# Aim of the task
Omit all pictures. Print the remaining lines exactly, from the start of the data through the line containing "Val D Aran Flower Nature Fly Small Flower".

==== Extracted data

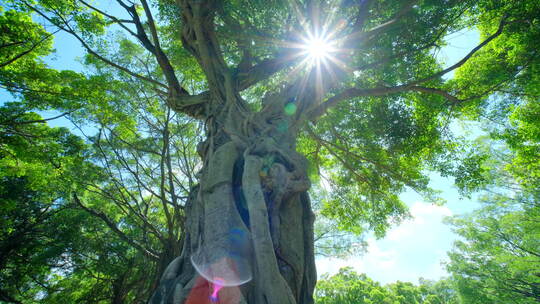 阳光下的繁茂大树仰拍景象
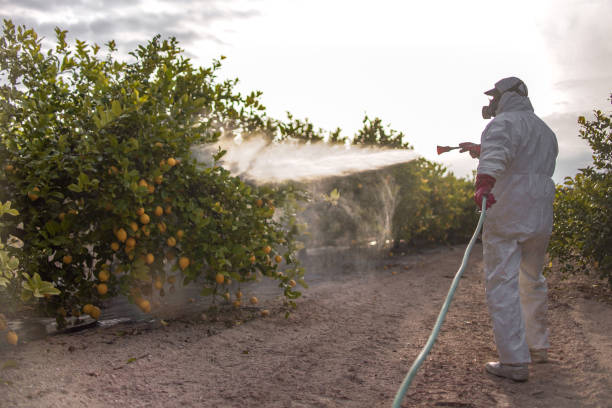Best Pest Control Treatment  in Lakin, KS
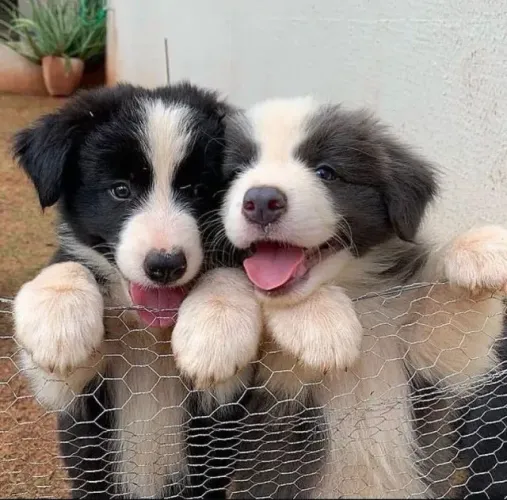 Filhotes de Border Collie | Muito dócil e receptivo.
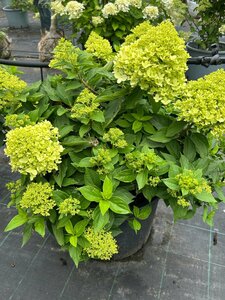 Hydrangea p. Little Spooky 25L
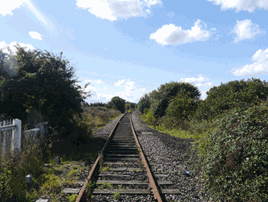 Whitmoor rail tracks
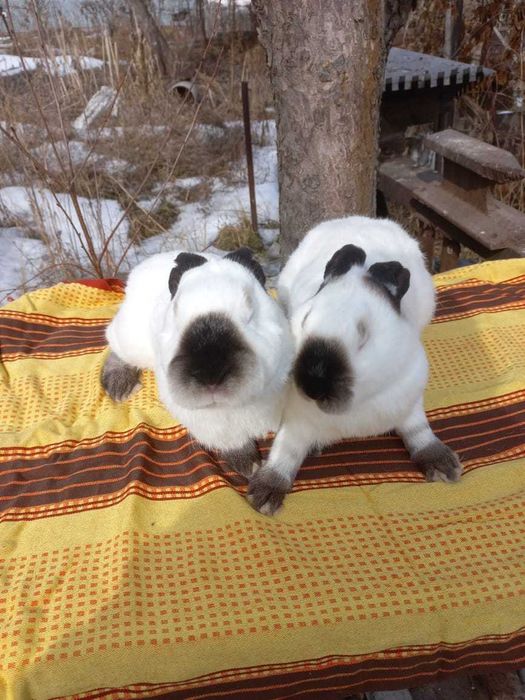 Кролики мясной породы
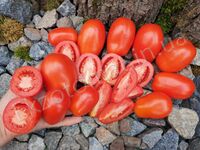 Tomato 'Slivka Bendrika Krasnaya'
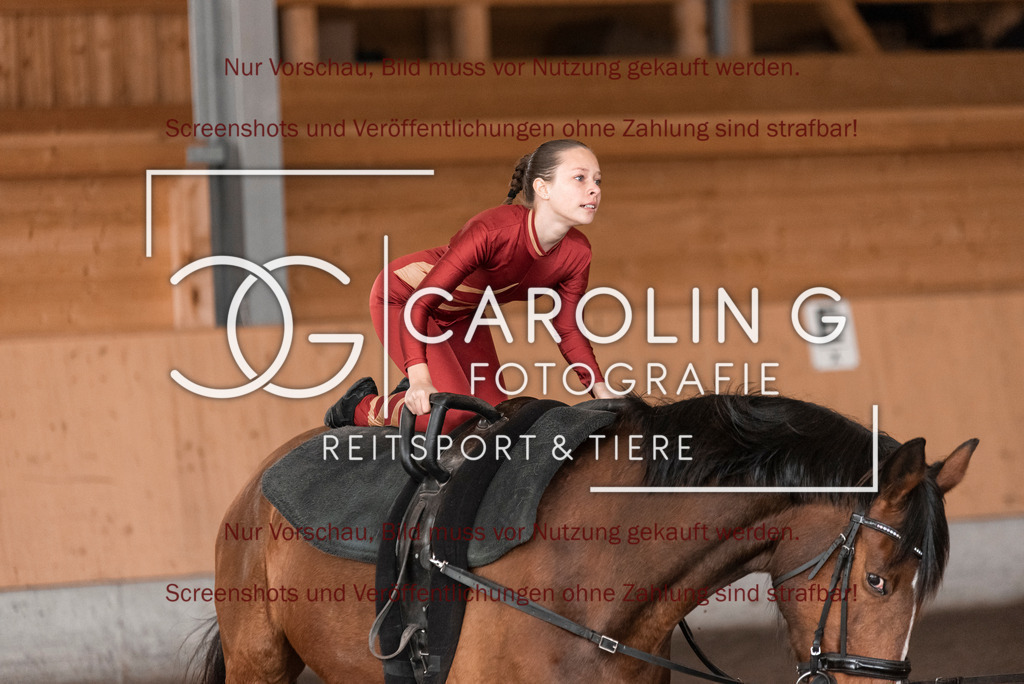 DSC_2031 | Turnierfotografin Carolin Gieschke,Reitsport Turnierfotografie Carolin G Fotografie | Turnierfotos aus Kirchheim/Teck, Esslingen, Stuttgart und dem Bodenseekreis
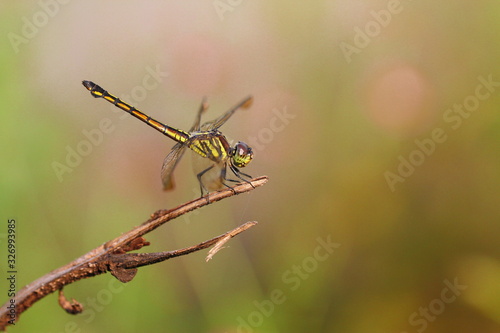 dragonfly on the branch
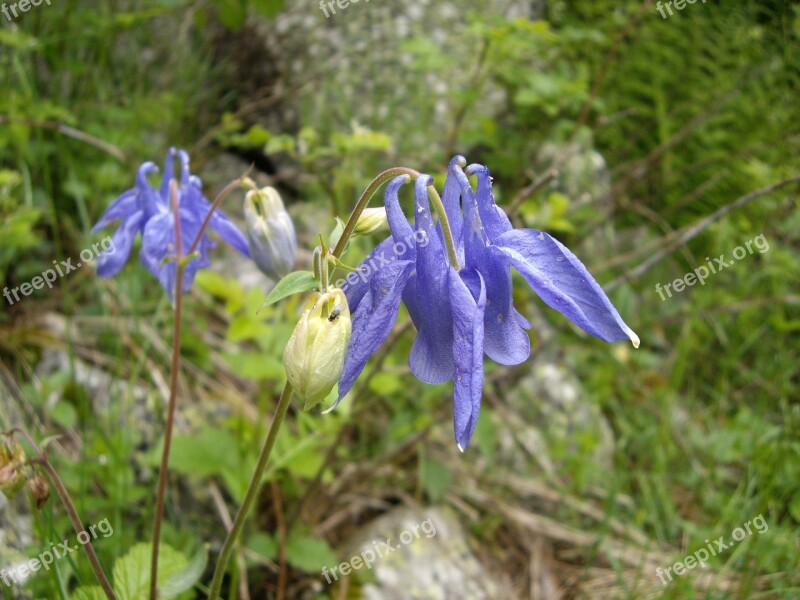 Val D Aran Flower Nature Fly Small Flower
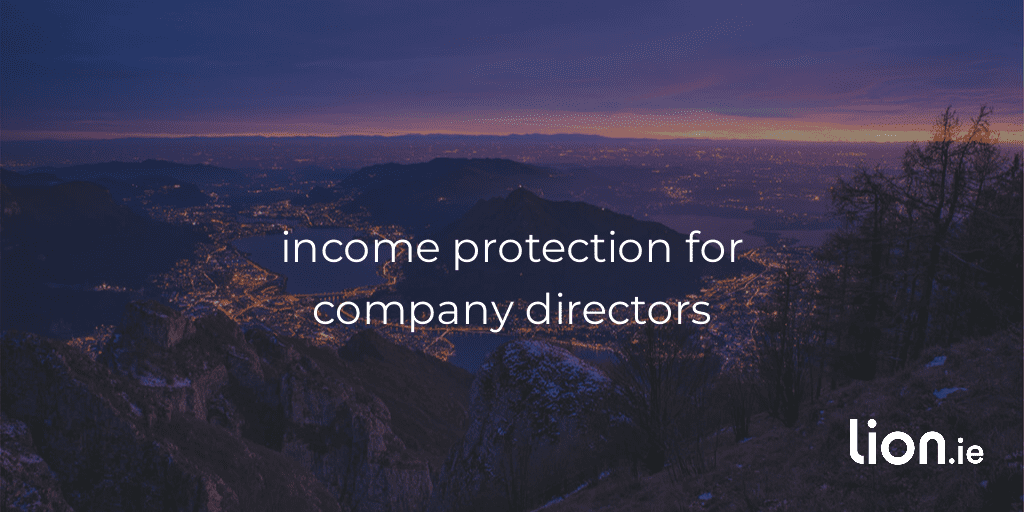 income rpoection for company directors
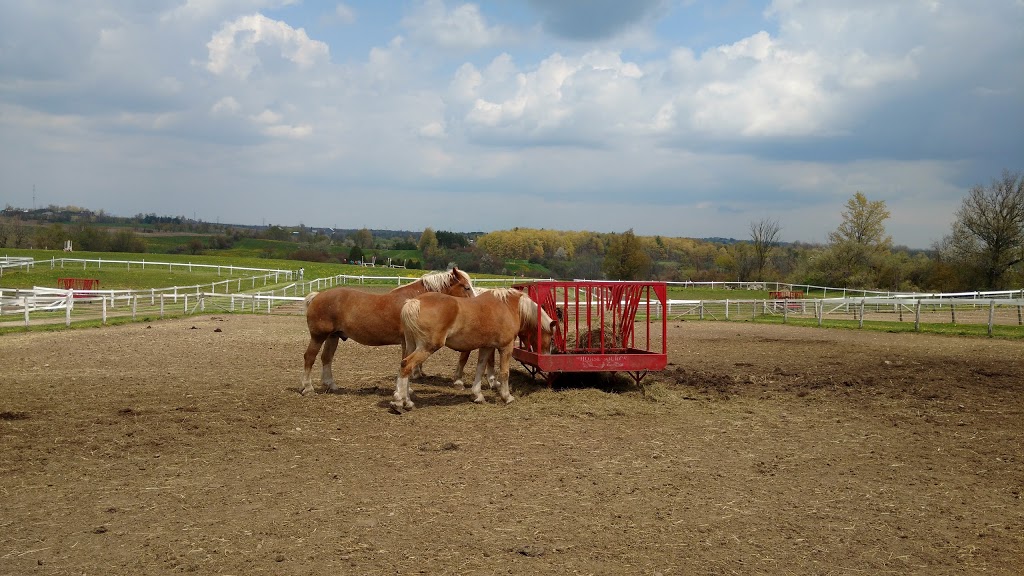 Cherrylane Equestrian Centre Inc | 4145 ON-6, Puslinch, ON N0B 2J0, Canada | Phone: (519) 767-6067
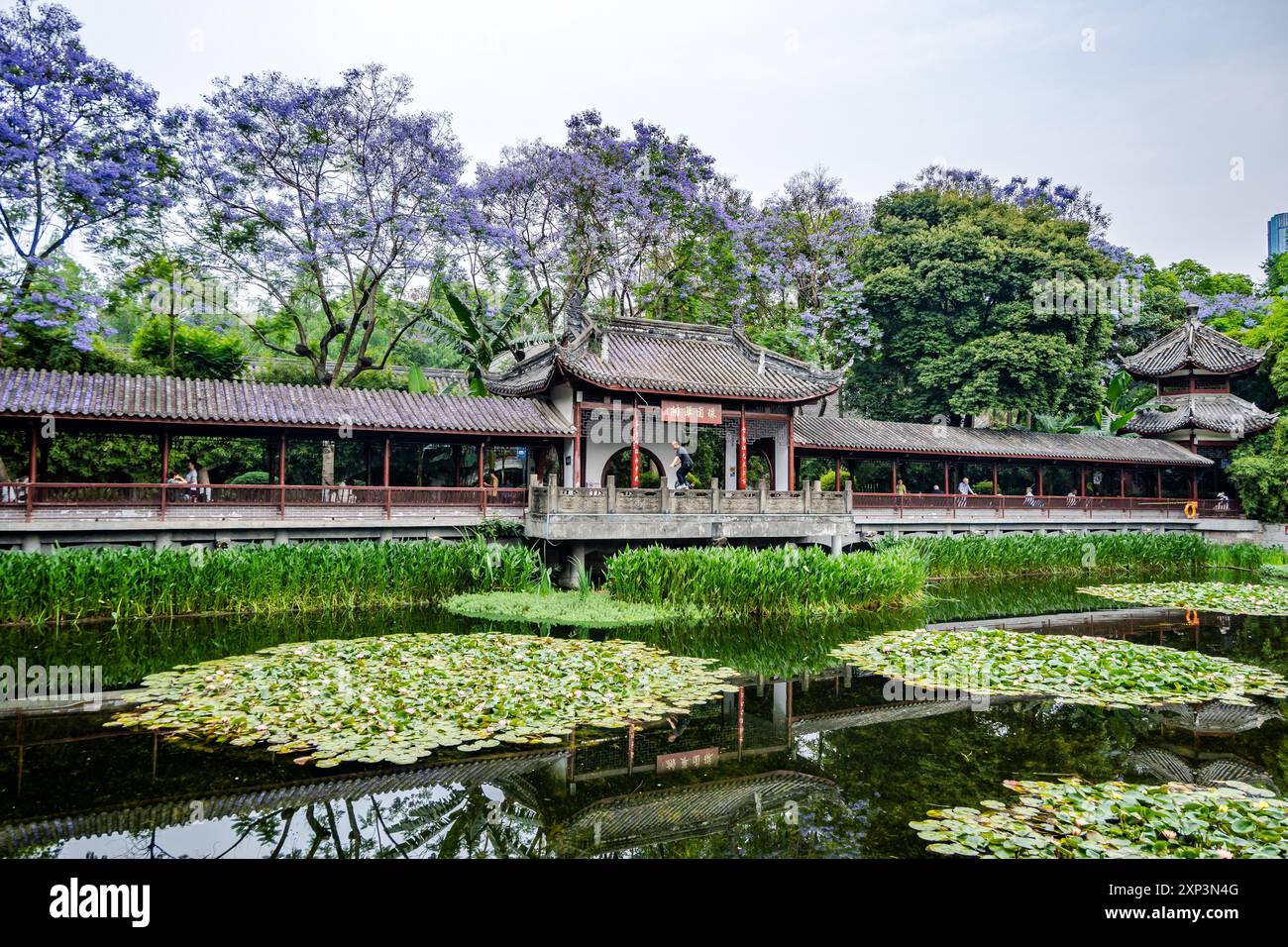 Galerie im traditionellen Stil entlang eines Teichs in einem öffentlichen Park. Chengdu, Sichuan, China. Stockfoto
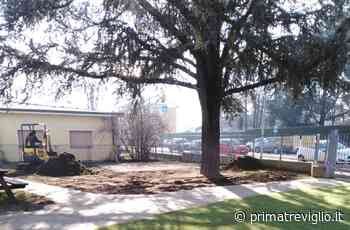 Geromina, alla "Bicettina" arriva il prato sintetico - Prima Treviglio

========

# Solution to this exercise
 阳光下的繁茂大树仰拍景象
Best Pest Control Treatment  in Lakin, KS
 Filhotes de Border Collie | Muito dócil e receptivo.
 Hydrangea p. Little Spooky 25L
 Whitmoor rail tracks
 Кролики мясной породы
 Tomato 'Slivka Bendrika Krasnaya'
 DSC_2031 | Turnierfotografin Carolin Gieschke,Reitsport Turnierfotografie Carolin G Fotografie | Turnierfotos aus Kirchheim/Teck, Esslingen, Stuttgart und dem Bodenseekreis
 dragonfly on the branch
 Val D Aran Flower Nature Fly Small Flower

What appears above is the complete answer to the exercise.